Christie’s Classic Week evening sales in London on Tuesday – Old Masters Part I Sale and The Exceptional Sale – totaled almost $65 million. The former’s headline lot, Titian’s Rest on the Flight into Egypt (c.1510), set a new auction record for the artist, selling for $22,178,280 (including buyer’s premium).
The wooden panel painting, measuring 18 inches x 25 inches and depicting Mary cradling Jesus under the watchful gaze of Joseph, was estimated at $20-30 million.
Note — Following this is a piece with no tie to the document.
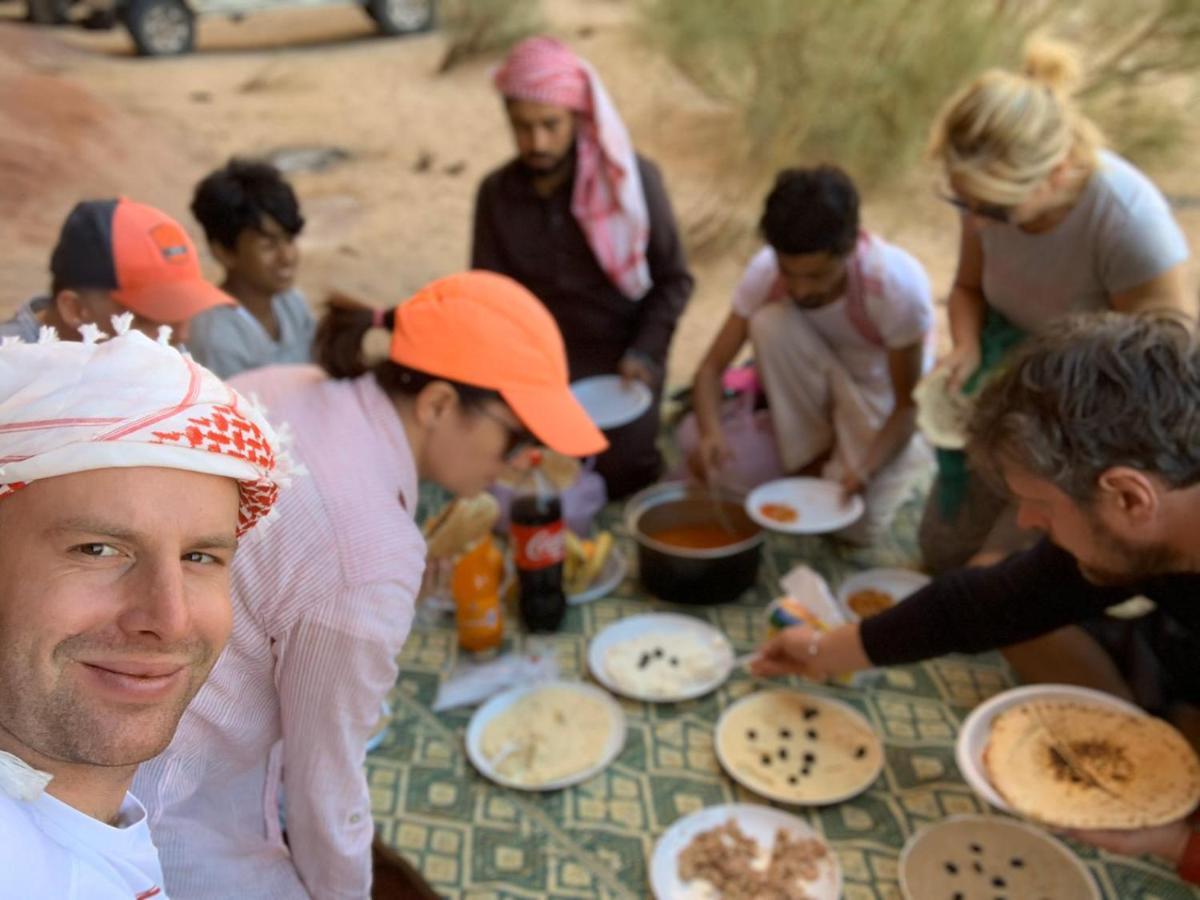 Hotel Bedouin Tours Camp Wadi Rum Esterno foto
It was last auctioned by Christie’s in 1878 when it was bought by the 4th Marquess of Bath. “One of the last religious works from the artist’s celebrated early years to remain in private hands, the picture has passed through some of the greatest collections in Europe,” the house said before the sale.
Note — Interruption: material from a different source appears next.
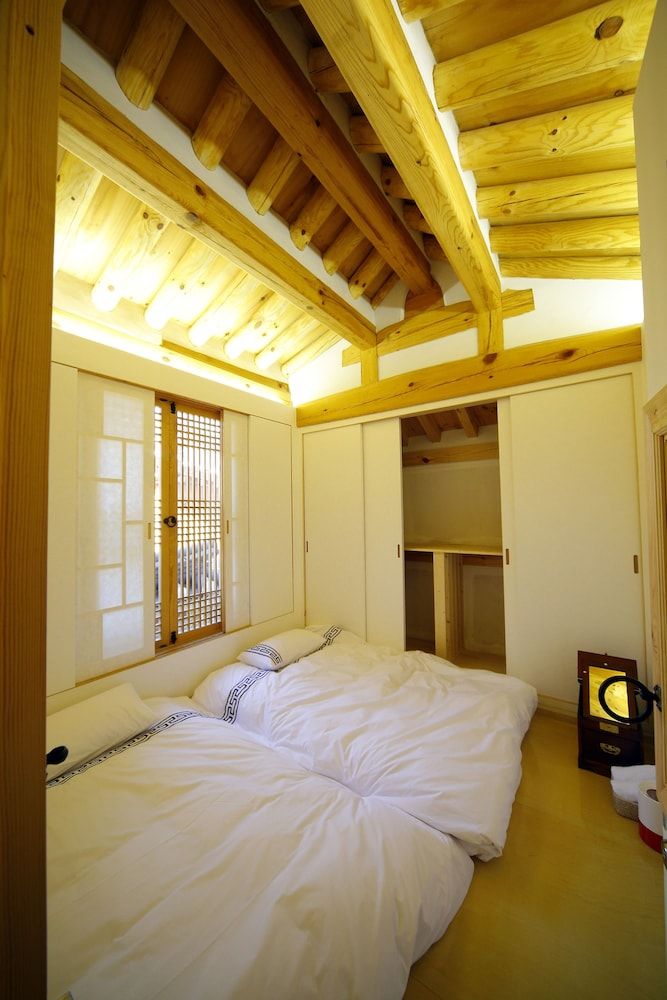 Hanok 24 Guesthouse Gyeongbokgung Traditional House 2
It was eventually inherited by Ceawilin Thynn, the 8th Marquess of Bath, who resides in Longleat House in Wiltshire, UK. Together with the Longleat Trustees, he offered it to Christie’s as part of “their long-term investment strategy.”
“This sublime early masterpiece by Titian is one of the most poetic products of his youth,” Orlando Rock, chairman of Christie’s UK, said. “Of impeccable provenance and having passed through the hands of dukes, archdukes, and holy Roman emperors, this magical devotional painting has the rare notoriety of having been stolen not once but twice – firstly by Napoleon and secondly in the late mid-1990s.”
After being stolen from the Longleat Estate in 1995, the painting was found without its frame in a plastic bag in London seven years later.
Titian’s previous auction record was $16.9 million for A Sacra Conversazione (c.1560), which was sold in 2011 by Sotheby’s New York.